But, better for that car to have met its demise doing what it was built to do than to have survived even another 40 years just being looked at.
Hi Bob, Maybe they'll salvage the VIN plate and build a replacement, ah, er, "fix" the old car!
Best regards, Tom
Wow!
Assuming everyone's alright, the biggest tragedy there is what happened to #25. As a one-owner car, it was probably a survivor rather than a restoration. In a league shared with VERY few other cars.
And now it's toast. That sucks!
This from the first row.....
Dick Kantrud 19-Jul-2005 17:18
Well, I need to add my comments as well. I'm Dick Kantrud and I was in P.2 next to Mike Donahue in P.1. Before the race we were told in no uncertain terms to maintain 50 mph at the start and that is exactly what we did. The pace lap was a little faster at first with everyone warming tires & brakes till we got about to sta. 11. The pace car then slowed up to collect the field as best he could. This was well below 50mph, I had to drop down to 1st gear and then even go in and out of neutral as it was too slow for 1st. The pace car sped back up to about 50 around sta. 13 and maintained that speed. He slowed a bit when when he exited the track, Donahue did the same and then went back to about 50 (4200rpm in 2nd gear in my car).

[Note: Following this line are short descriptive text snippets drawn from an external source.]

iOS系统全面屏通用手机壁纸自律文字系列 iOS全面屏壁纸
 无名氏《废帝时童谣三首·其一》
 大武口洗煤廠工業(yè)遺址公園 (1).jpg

Thats what we were doing coming up over the hill and we absolutely did not vary till the green came out - yes it did, no doubt at all. We were watched carefully by track management and this was confirmed by George B. who said the front row was perfect at the driver's meeting. I don't know who told the operating steward who said we admitted to 5000rpm in 3rd gear but that is crazy, must be mixed up with one of the cars further back.
Its possible some coming up the hill were doing that. A friend of mine was watching from the concession stand by the hill and said cars were 4 abreast before the flagstand (and probably before the green). I was told some of the cars in rows 2 - 5 anticipated the green and then had to slow down because we didn't speed up.
I didn't see the red till sta.3, slowed way down watching mirrors. Stopped a little late then coasted up to some shade. The rules do not allow people to start before the green whether you can see the flagstand or not. I am going to suggest green, yellow and red lights on the bridge at the top of the hill (a tv camera too)to be operated by the starter. I've been a driver since 1964 and was an SCCA Steward for about 28 years as well. This is the worst I have ever seen with one happy exception. Thanks to a great job by the safety crew and good car and driver safety equipment there were apparently no serious injuries. Still a very sad day for all of us, particularly the ones
with wrecked cars.
Road America, BRIC Vintage/Historic Races........
On Sunday there was probably the worst accident relative to car damage that has ever occurred in Vintage/Historic racing. Luckily there were no serious injuries. You'd never believe it from looking at these photos, however.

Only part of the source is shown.